Task directions:
Would you please repeat exactly the entries below, starting at the line with "Продам телефон Redmi 10" and ending at the line with "监测简报(亚洲杯小组赛)巴林既伊拉克即时赛事比分-深度剖析 监测简报(亚洲杯小组赛)巴林既伊拉克即时赛事比分-深度剖析", and nothing outside that range? Leave out the pictures.

Records shown:

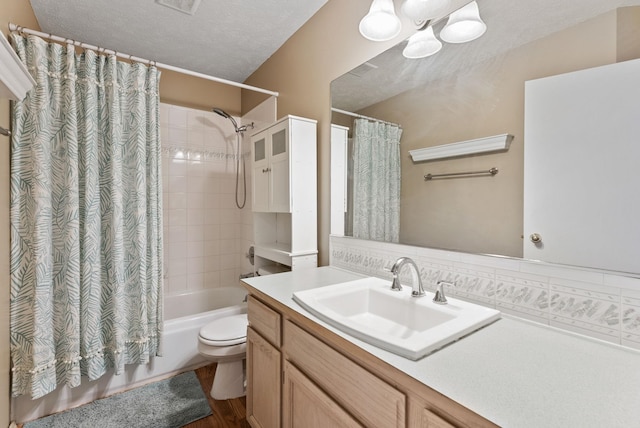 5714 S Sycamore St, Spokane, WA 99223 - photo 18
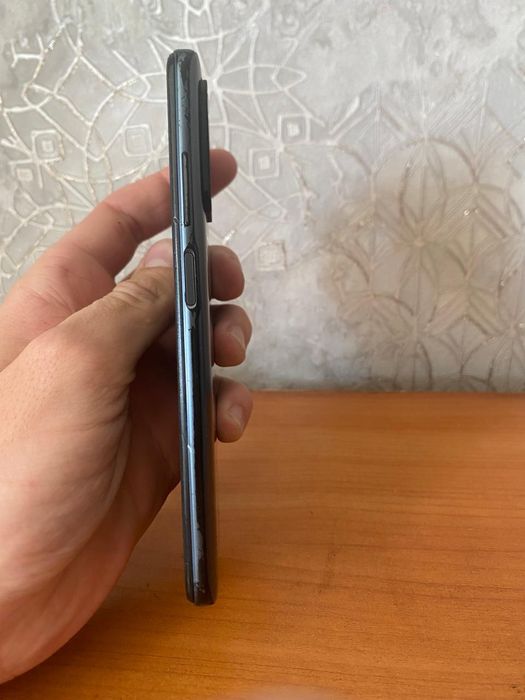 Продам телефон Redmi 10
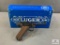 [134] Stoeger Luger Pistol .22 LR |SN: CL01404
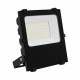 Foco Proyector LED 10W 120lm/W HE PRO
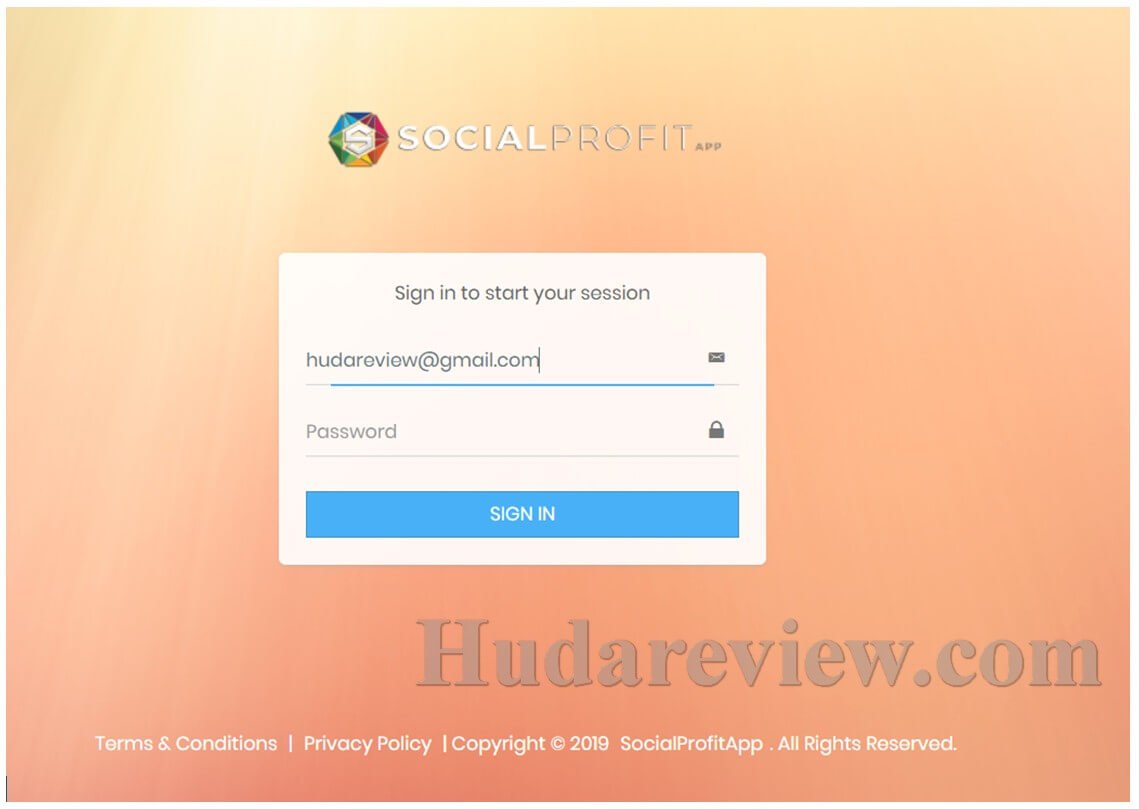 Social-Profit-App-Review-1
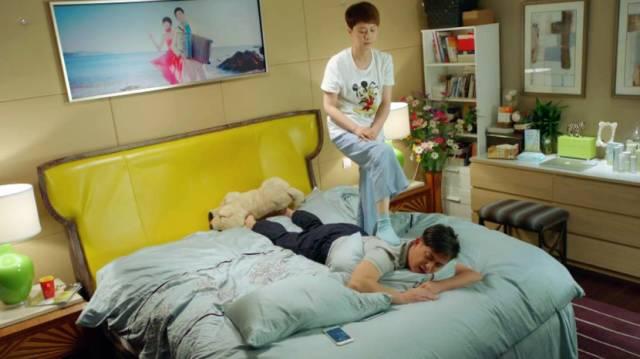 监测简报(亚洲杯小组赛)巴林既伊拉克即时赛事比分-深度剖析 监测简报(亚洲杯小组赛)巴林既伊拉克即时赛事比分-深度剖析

--

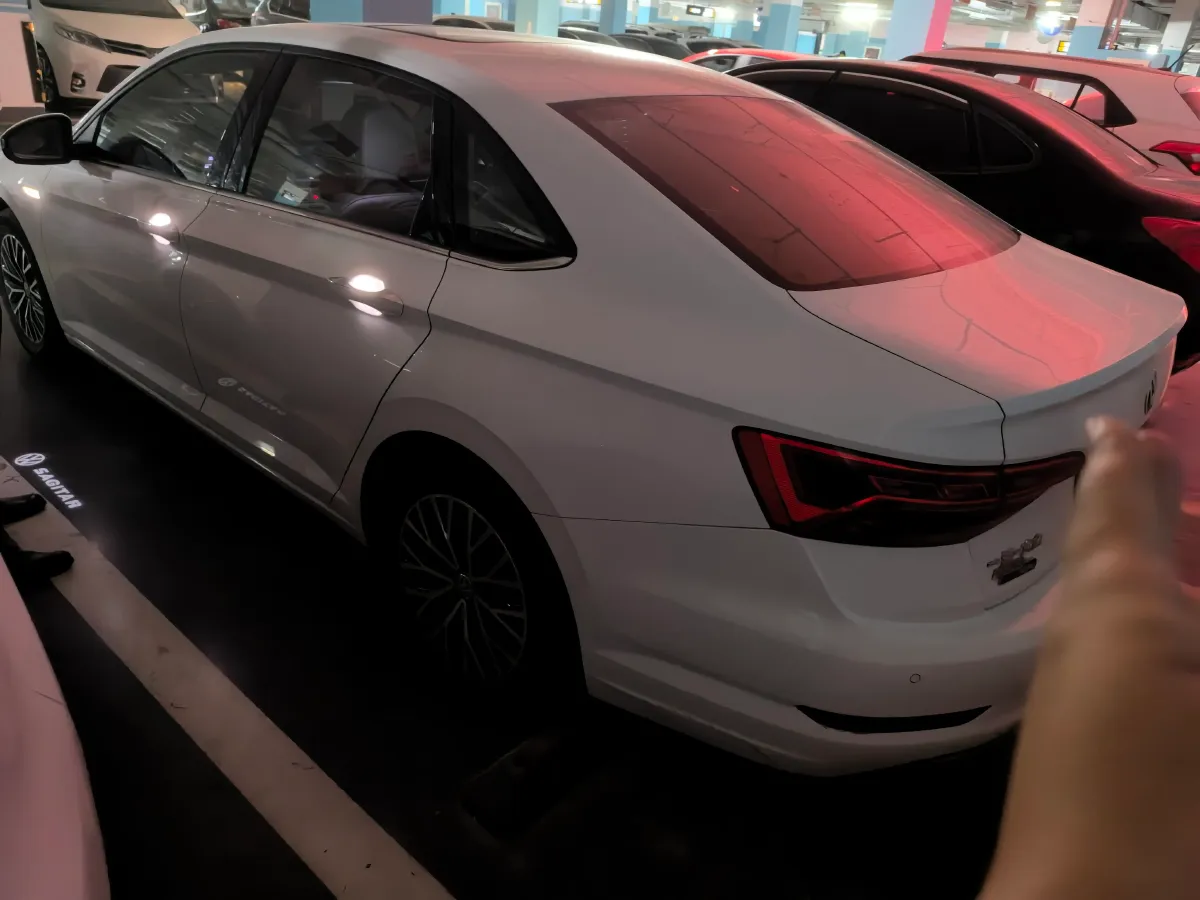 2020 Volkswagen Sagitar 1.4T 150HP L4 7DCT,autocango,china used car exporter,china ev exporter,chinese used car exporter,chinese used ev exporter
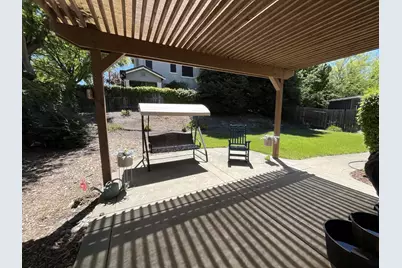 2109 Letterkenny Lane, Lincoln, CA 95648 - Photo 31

Task result:
 Продам телефон Redmi 10
 [134] Stoeger Luger Pistol .22 LR |SN: CL01404
 Foco Proyector LED 10W 120lm/W HE PRO
 Social-Profit-App-Review-1
 监测简报(亚洲杯小组赛)巴林既伊拉克即时赛事比分-深度剖析 监测简报(亚洲杯小组赛)巴林既伊拉克即时赛事比分-深度剖析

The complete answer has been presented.